A "cull idle user" service that deletes PVs

Has someone investigated/coded something/thought about using the activity information of JupyterHub users to remove the PVC and PV of users that haven’t been active for more than 30 days (or some other configurable period)?

Background is the JupyterHub of the OpenHumans foundation. They offer storage to everyone who logs in but as usual many people only login once or twice. Then never again. Over time (in this case >2years) you accumulate a lot of PVs that will never be used again. Automating the clean-up would help save money and remove a manual task.

Another use case could be hubs used for teaching where students come for a few week course or a semester or several semesters. Eventually they will stop using the hub and their PVs will continue to cost money.

An alternative approach is to add a NFS server (or use cloud vendor version of this) to provide shared storage to users. This removes the need to clean up PVs but comes with more complexity or increased cost if you don’t need the minimal storage size your cloud vendor sets.

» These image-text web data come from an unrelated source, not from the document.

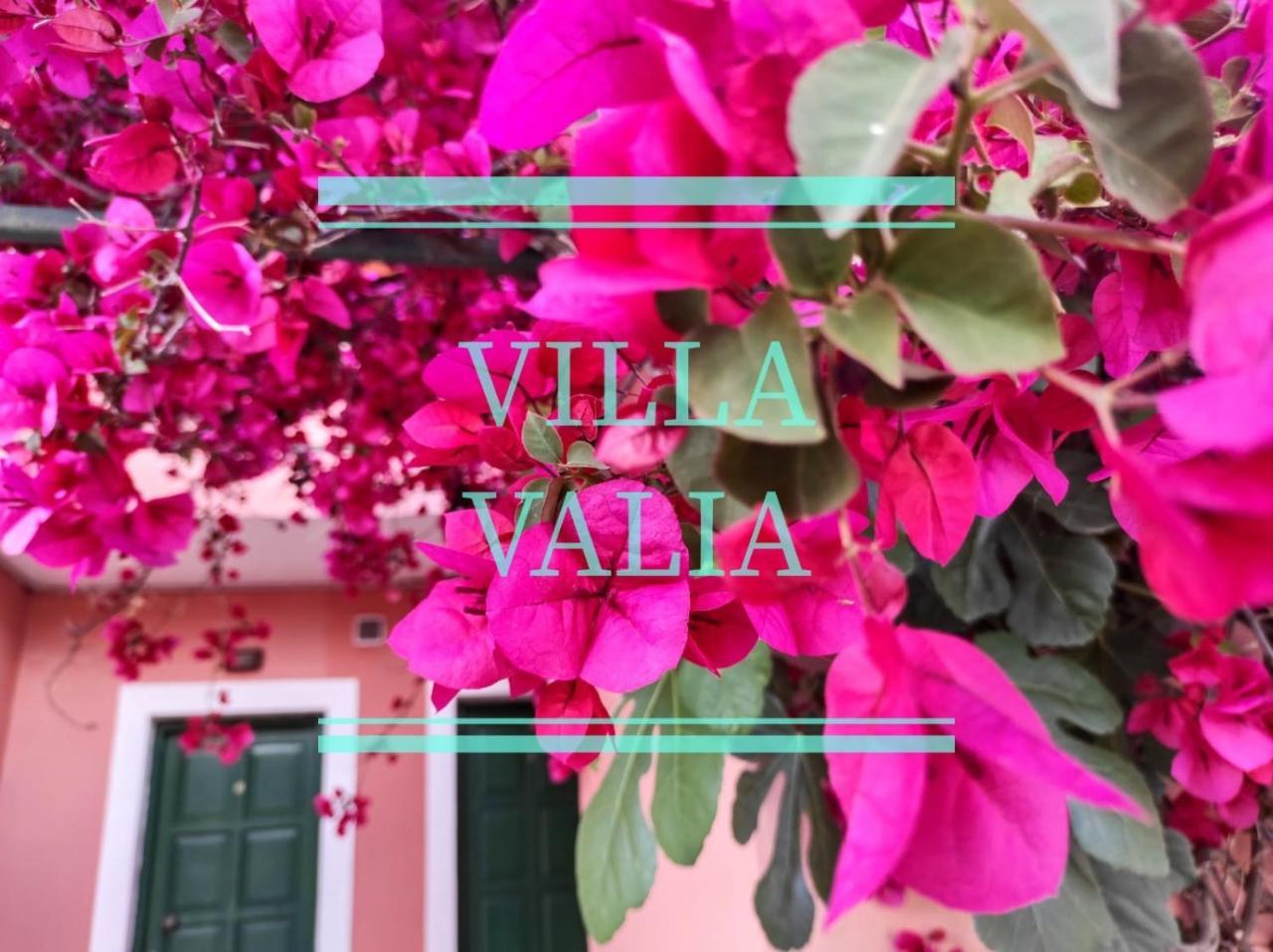 Villa Valia 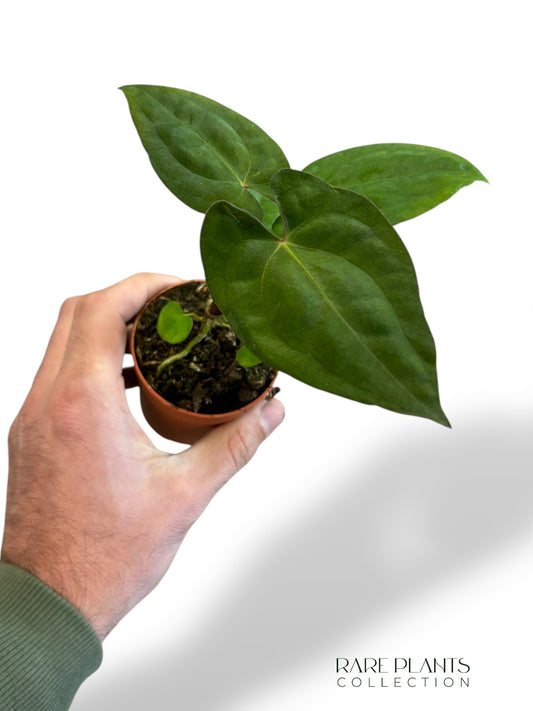Anthurium Dark Phoenix x Papillilaminum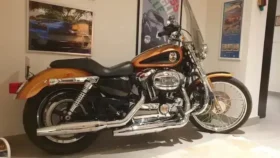 2008 Harley-Davidson Sportster 1200 Custom 105th Anv (XL1200CANV)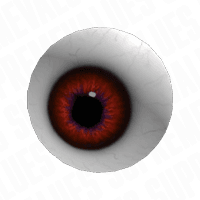 Eyeball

The current idea is to create a JupyterHub service similar to the “cull idle users” service. The service would check when a user was last active and remove their PV after a long period of inactivity. Deleting data is never nice so maybe the server could even notify users by email before it will delete data.

If you know of existing code or discussions I’d be happy to hear about it.

2 Likes

I just want to add myself to the discussion because it sounds interesting for me as well.

@betatim what exactly do PVC and PV stand for?

PV = persistent volume and PVC = persistent volume claim

These are kubernetes terms, super simplified they mean “a hard drive you can connect to a pod”. https://kubernetes.io/docs/concepts/storage/persistent-volumes/ is probably a good place to start reading.

1 Like

Ah great thanks! I haven’t used kubernetes before and I was happy with the options of docker-compose & classic linux administration.

I don’t have much knowledge on the relation between Jupyter Hub and Spawner…
Just want to suggest my idea - What about adding a trigger to clear spawner resources inside deleting user API? Then cull_idle_users can delete an inactive and aged user. (Different age and inactivity threshold should be applied though)
DELETE, /api/users/

I’ve been thinking it’s a bit strange deleting a user clears user data away from DB, but leave user storage as it was. The deleted users access the service again. Then they could keep working with their previous data. It could be a better UX but sometimes it could raise so bad situations especially in terms of privacy issues…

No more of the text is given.